Hand back the entries below exactly.

=== WORKING DATA ===

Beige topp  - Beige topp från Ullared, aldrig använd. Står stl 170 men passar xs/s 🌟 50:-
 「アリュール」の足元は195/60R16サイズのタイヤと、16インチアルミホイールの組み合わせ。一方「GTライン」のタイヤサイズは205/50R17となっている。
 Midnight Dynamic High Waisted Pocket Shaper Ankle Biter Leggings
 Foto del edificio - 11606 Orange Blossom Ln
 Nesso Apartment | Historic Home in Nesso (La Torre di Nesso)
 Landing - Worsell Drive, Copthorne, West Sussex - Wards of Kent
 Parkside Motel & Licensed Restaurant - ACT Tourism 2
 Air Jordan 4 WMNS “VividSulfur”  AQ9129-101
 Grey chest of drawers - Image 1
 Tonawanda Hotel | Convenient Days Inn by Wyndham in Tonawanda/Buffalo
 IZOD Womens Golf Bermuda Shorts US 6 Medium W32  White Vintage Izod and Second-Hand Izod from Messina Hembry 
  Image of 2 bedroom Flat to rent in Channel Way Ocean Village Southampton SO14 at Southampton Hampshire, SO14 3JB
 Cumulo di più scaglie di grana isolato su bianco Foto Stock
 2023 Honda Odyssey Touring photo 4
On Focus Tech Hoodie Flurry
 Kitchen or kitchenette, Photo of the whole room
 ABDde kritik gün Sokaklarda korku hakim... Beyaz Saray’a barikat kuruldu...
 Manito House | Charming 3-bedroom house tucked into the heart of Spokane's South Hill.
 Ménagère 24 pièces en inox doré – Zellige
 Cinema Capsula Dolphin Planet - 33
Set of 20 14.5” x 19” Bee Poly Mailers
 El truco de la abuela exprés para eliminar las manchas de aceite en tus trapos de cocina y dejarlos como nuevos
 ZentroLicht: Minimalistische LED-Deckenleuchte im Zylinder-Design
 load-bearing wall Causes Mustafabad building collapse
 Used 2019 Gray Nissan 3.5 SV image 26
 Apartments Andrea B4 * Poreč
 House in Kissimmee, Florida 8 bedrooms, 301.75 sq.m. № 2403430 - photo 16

===

- TASK OUTPUT
Beige topp  - Beige topp från Ullared, aldrig använd. Står stl 170 men passar xs/s 🌟 50:-
 「アリュール」の足元は195/60R16サイズのタイヤと、16インチアルミホイールの組み合わせ。一方「GTライン」のタイヤサイズは205/50R17となっている。
 Midnight Dynamic High Waisted Pocket Shaper Ankle Biter Leggings
 Foto del edificio - 11606 Orange Blossom Ln
 Nesso Apartment | Historic Home in Nesso (La Torre di Nesso)
 Landing - Worsell Drive, Copthorne, West Sussex - Wards of Kent
 Parkside Motel & Licensed Restaurant - ACT Tourism 2
 Air Jordan 4 WMNS “VividSulfur”  AQ9129-101
 Grey chest of drawers - Image 1
 Tonawanda Hotel | Convenient Days Inn by Wyndham in Tonawanda/Buffalo
 IZOD Womens Golf Bermuda Shorts US 6 Medium W32  White Vintage Izod and Second-Hand Izod from Messina Hembry 
  Image of 2 bedroom Flat to rent in Channel Way Ocean Village Southampton SO14 at Southampton Hampshire, SO14 3JB
 Cumulo di più scaglie di grana isolato su bianco Foto Stock
 2023 Honda Odyssey Touring photo 4
On Focus Tech Hoodie Flurry
 Kitchen or kitchenette, Photo of the whole room
 ABDde kritik gün Sokaklarda korku hakim... Beyaz Saray’a barikat kuruldu...
 Manito House | Charming 3-bedroom house tucked into the heart of Spokane's South Hill.
 Ménagère 24 pièces en inox doré – Zellige
 Cinema Capsula Dolphin Planet - 33
Set of 20 14.5” x 19” Bee Poly Mailers
 El truco de la abuela exprés para eliminar las manchas de aceite en tus trapos de cocina y dejarlos como nuevos
 ZentroLicht: Minimalistische LED-Deckenleuchte im Zylinder-Design
 load-bearing wall Causes Mustafabad building collapse
 Used 2019 Gray Nissan 3.5 SV image 26
 Apartments Andrea B4 * Poreč
 House in Kissimmee, Florida 8 bedrooms, 301.75 sq.m. № 2403430 - photo 16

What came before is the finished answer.